=== RECORDED DATA ===

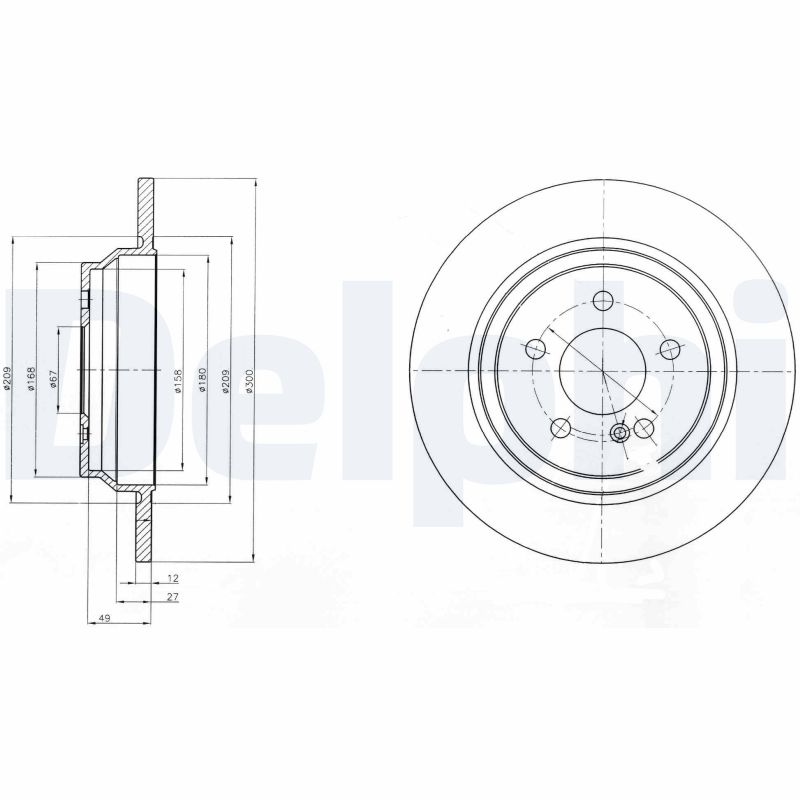 DELPHI Hátsó féktárcsa BG4298C_DEL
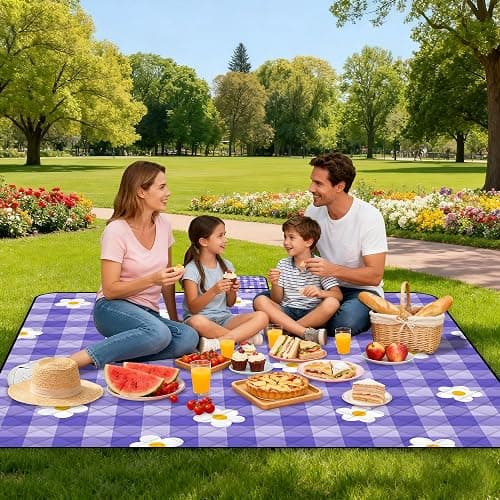 Extra Large Picnic Blanket Waterproof,80"x 80"Foldable Machine Washable Beach Blanket,Outdoor Blanket for 6-8 Adults,Suitable for Indoor Crawling,Park Beach,Camping,Hiking,Family Travel(Purple) thumbnail 4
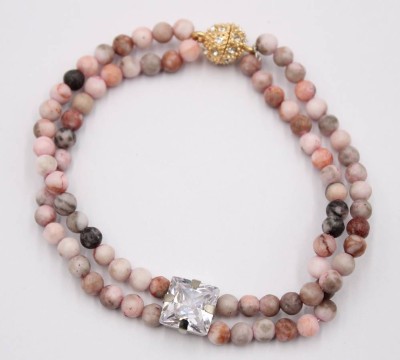 Auktion 370<br>Rhodonit-Armband mit Zirkon, Magnetschließe, ca. L-19,5cm [1]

===

PROBLEM REQUIREMENTS => Transcribe the listing in full and omit the pictures.

OUTPUT FOR THIS TASK =>
 DELPHI Hátsó féktárcsa BG4298C_DEL
 Extra Large Picnic Blanket Waterproof,80"x 80"Foldable Machine Washable Beach Blanket,Outdoor Blanket for 6-8 Adults,Suitable for Indoor Crawling,Park Beach,Camping,Hiking,Family Travel(Purple) thumbnail 4
 Auktion 370<br>Rhodonit-Armband mit Zirkon, Magnetschließe, ca. L-19,5cm [1]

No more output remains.